All the answer in Stackoverflow and all over the internet are not considering one long string. Any Ideas for best CPU performance algorithm? (RAM performance is less important) Thanks

Izik
  • 746
  • 1
  • 9
  • 25
  • I meant it will be one very long branch, rather then actual tree. Becuase I dont compare different string the trie tree method doesn't seem to help. Unless I don't understand something in the algorithm – Izik Oct 25 '22 at 22:43
  • As for the typo, it not , it is means it found 4 consecutive matches ("test to check duplication") – Izik Oct 25 '22 at 22:45
  • Thanks for the clarification, the question sounds like the word-token version of "find all repeated non-overlapping substrings". Since there are existing algorithms for letter-token versions (trie, Rabin-Karp, etc). My idea is to overload their letter-compare ops with word-compare ops. – Xin Cheng Oct 26 '22 at 04:25

2 Answers2

0

You wish to identify repeated bi-grams.

Optionally construct a dictionary for converting str to int, if desired.

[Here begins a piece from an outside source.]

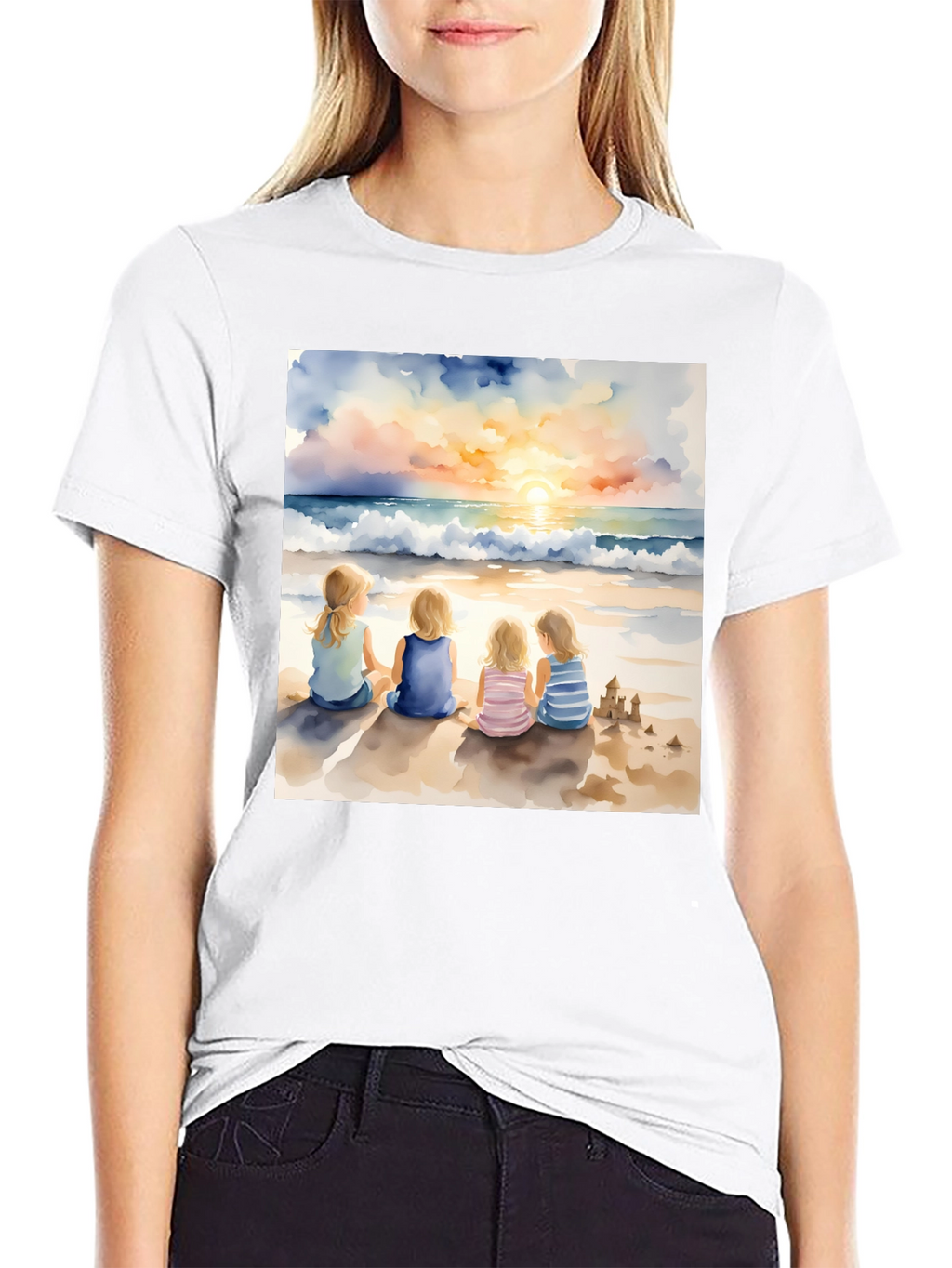 Sunset Beach Girls T-Shirt - Artistic Coastal Tee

Iterate over the document, generating a bi-gram for current position, then advance to next position. Store these in a bigram_to_index_list dict in memory, or perhaps in an out-of-core file or database table. A defaultdict(list) will prove convenient for the in-memory solution.

Now iterate over all entries where we have multiple index position for a given bigram. Probe the original string to see if we can extend to a tri-gram or greater, and output such results.

J_H
  • 17,926
  • 4
  • 24
  • 44
  • Sorry if I misunderstand but is it much different that what i've tried? I also used dictionary to store the tokens indexes (I also did convert strings to numbers and used defaultdict). I'm trying to find a whole new algorithm, which probably using tree, because even with some improvements, the dictionary takes too much time – Izik Oct 25 '22 at 22:41
  • I understood your approach to be built on unigrams. Some unigrams have high entropy, they're highly selective, like "sesquipedalian", but others have low entropy, like "the", and that slows down the search for dups. Your n=2 and n=4 examples made me believe we need at least a bigram for a "duplicated sequence". And you said we can use lots of storage. So storing bigrams, and hashing / sorting on that, offers much better selectivity, and a good beginning point for identifying longer trigram / quadgram at same start index. Post the corpus and the code you run if detailed timings are needed. – J_H Oct 25 '22 at 23:07
0

@Izik Since I'm a new contributor I can't add a comment! Like suggested in @J_H's comment the only alternative to reduce "drastically" the searching time is to use the hashing technique. Here is a snippet coded in Java that works for a short token list. Maybe there's an equivalent of the HashMap class in Python.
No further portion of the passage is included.